Potomac Vegetable Farms has been doing these tours for years, and they run like clockwork. Kids go on the wagons, with teachers and parents on hand to keep them safe. We give a short, slow drive around a few fields of the farm, and then the kids pile out for a walking tour. They always love animals the best, and fortunately there are some placid resident horses as well as a henhouse to show off. The family sometimes borrows pigs, goats and a cow for the fall to add extra animal excitement.

The host farmers will tell you, without any hesitation, that their true audience is the adults in the crowd. The adults need these experiences too, because they are the shoppers and the cooks in their households. The farmers have a mission to teach everyone about the importance of eating local foods and supporting local farmers. On most mornings, the chaperones of the school groups learn as much as the preschool children—and many get to taste a beet just pulled from the ground for the first time in their lives.

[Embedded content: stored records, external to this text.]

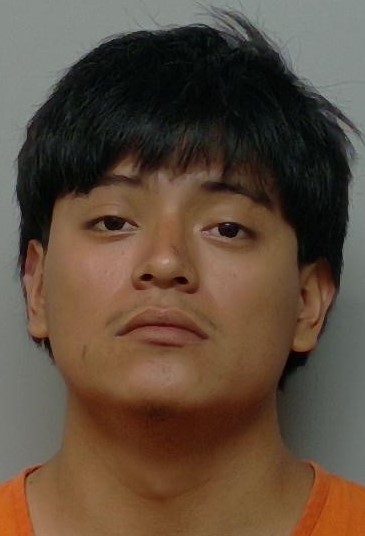Mugshot of LARRI M MORALES BALTAZAR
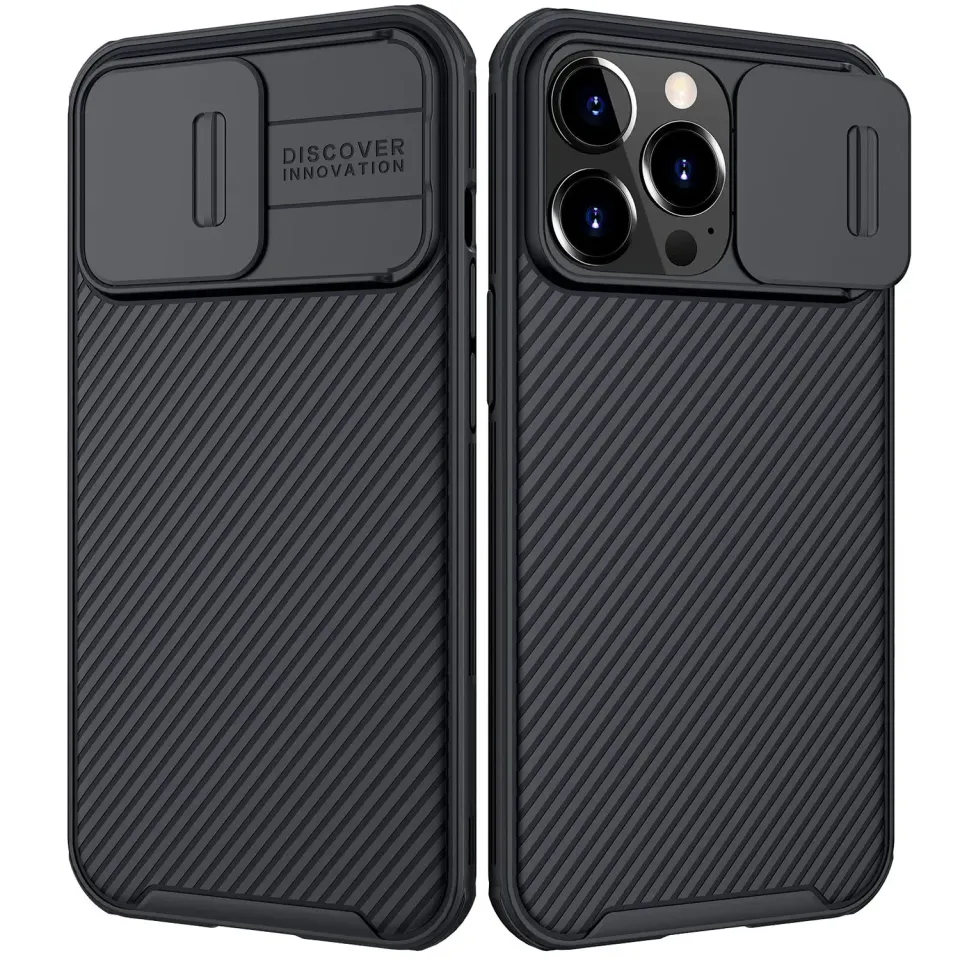 CloudValley Custodia iPhone 13 Pro Copri Fotocamera 6,1"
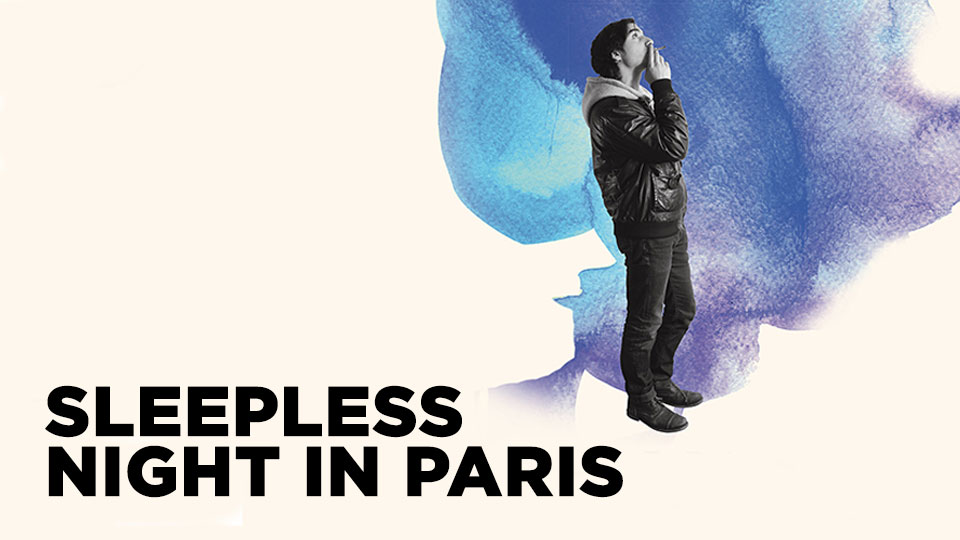 Sleepless Night in Paris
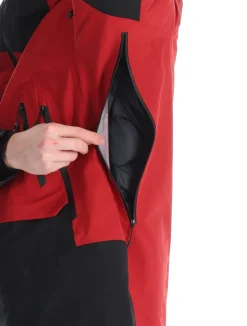 Swiss 3L hardshell ski-jas heren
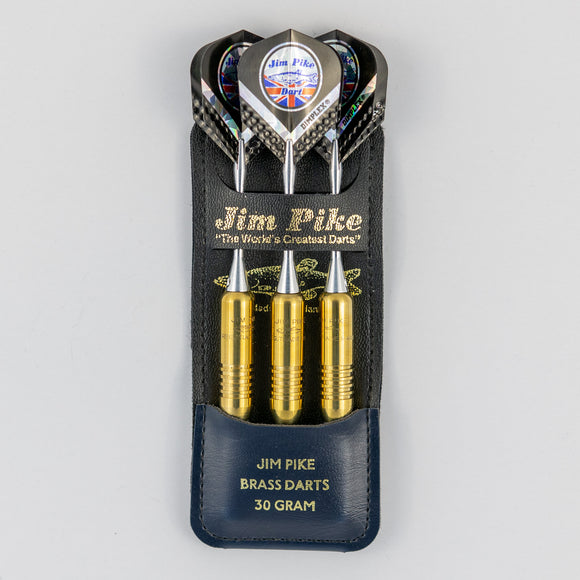 Signature Brass Jim Pike Dart Set 30 grams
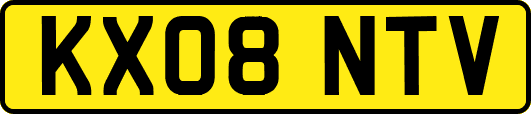 KX08NTV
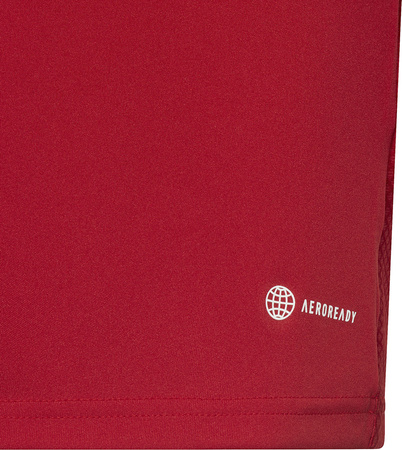 Koszulka dla dzieci adidas Tiro 23 League Jersey czerwona HR4619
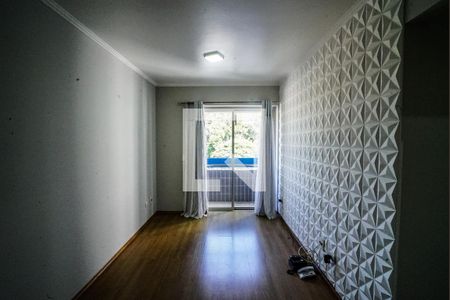 Sala de apartamento para alugar com 2 quartos, 57m² em Vila Antônio, São Paulo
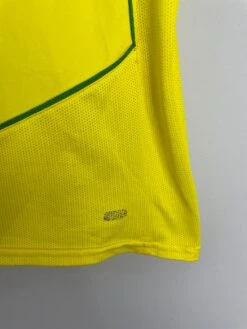 2004/05 BRAZIL RONALDO #9 HOME SHIRT (L) NIKE(2004 2005 Brazil Ronaldo 9 Home Shirt L Nike) -Cultkits Shop IMG 8988 b21a6958 a7b8 4e6a b322 0086212b2598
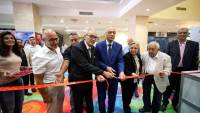 رئيس هيئة الرقابة على الصادرات والواردات يفتتح النسخة الـ86 من «نيلي كيدز» بمشاركة 300 مصنع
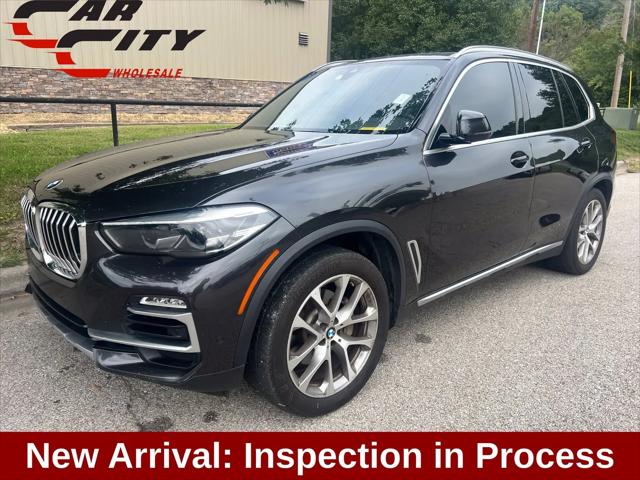 2020 BMW X5 xDrive40i for sale in Shawnee, KS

The Farm Bill Impacts Our Food Choices

The 2007 Farm Bill has a major influence on what our nation’s farms produce, and how easy it is for consumers to access fresh, healthy foods. Currently, U.S. farm policy provides little support for the farms that produce our fresh fruits, vegetables and nuts—even though only 14 percent of our nation’s children consume at least two servings of fruit per day, and only 20 percent consume three or more servings of vegetables.

Most of the farm bill programs that help Americans add more fresh, healthy foods to their diets are under-funded. The following programs, in total, receive less than one-fifth of one percent of the billions of subsidy dollars that go to wheat, corn soy and other commodity producers:

  • The Farmers’ Market Promotion Program, which supports the creation of farmers’ markets in new areas, receives only $1 million per year.
  • The Community Food Projects Program, which supports projects that increase the availability of nutritious fresh food to low-income communities, is funded at just $5 million per year.
  • The Fruit and Vegetable Snack Program, which provides free fruit and vegetables to schools, reaches only a few hundred schools nationwide with its $9 million per year funding.
  • The Farm to Cafeteria Program, created to incorporate locally grown foods into school lunches, install school gardens and expand school nutrition education, currently receives no funding.